I met Mabel Black coming out of the Burlington Arcade. She looked fine, all over smiles, a very short, white skirt and a new pair of patent leather boots almost up to her knees. She must find them frightfully hot. She rushed me into a tea place, awfully smart with rose-shaded lights reflected up to a blue ceiling the combination made a most marvellous purple.
We got an alcove shut off by canary-coloured curtains and a set of the loveliest cushions I ever saw. Two big basket chairs and a low table. They have the most delightful tea in egg-shell china and Dolly cigarettes with rose leaves.
Mabel talked a hundred miles a minute. She has struck the biggest kind of oil-a romantic boy of sixty-five. He had bought her a riding crop with a carved ivory handle ; the head of a race horse with ruby eyes and a gold collar.
I asked her laughingly if it was to keep him in order. But what she was really keen on was H. She had got a whole bottle and gave me quite a lot in an envelope.
The first go, oh, what joy ! And then-how strange we all are ! The minute I had it in my bag-in my blood-my mind began to work freely. The irritating stupefaction passed off like waking from a nightmare
-a nightmare of suffocation-and it came to me with the force of a blow that the effect was not due to the H. at all, or hardly at all. When we got it again in Naples, it didn't do us much good.
Why was I translated into heaven this afternoon ? Why had I found my wings ?
The answer came as quick as the question. It's he atmosphere of Mabel and the relief of my worry. With that came a rational fear of the drug. I asked her if she hadn't had any troubles from taking it.
" You can't sleep without it," she said, but not as if it mattered much, " and it rather gets on one's nerves now and then."
She bad to rush off to meet her beau for dinner. I went back to our dirty little den, brimming over with joy. I found Cockie sprawling on the bed in the depth of dejection. He did not move when I came in. I ran to him and covered him with kisses.
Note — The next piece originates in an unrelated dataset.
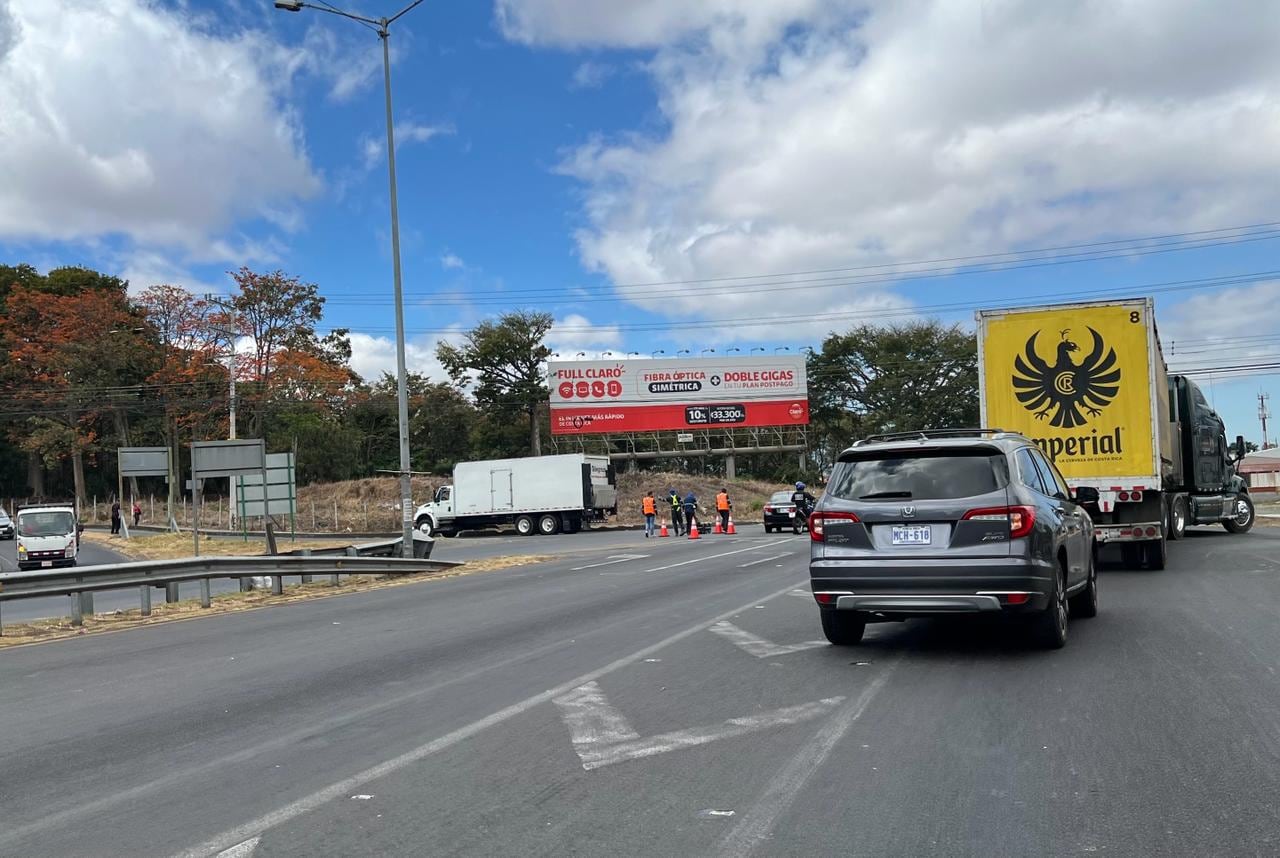 Zona donde se pretende construir una rotonda en Hacienda Vieja.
His eyes were heavy and swollen and his nose was running.
I gave him my handkerchief and pulled him up. His clothes were all rumpled and of course he hadn't shaved. I couldn't resist the temptation of teasing my darling. My love had come back in flood. I tingled with the pain of feeling that he did not respond. I hugged the pain to my heart. My blood beat hard with the joy of power. I held him in my hand. One dainty act, and he was mine. I hadn't the strength to enjoy myself to the full. Pity and tenderness brought the tears to my eyes. I shook out a dose of the dull white wizardry.
He sniffed it up with stupid lethargy like a man who has lost hope of life, yet still takes his medicine as a routine. He came up gradually, but was hardly himself till after the third dose.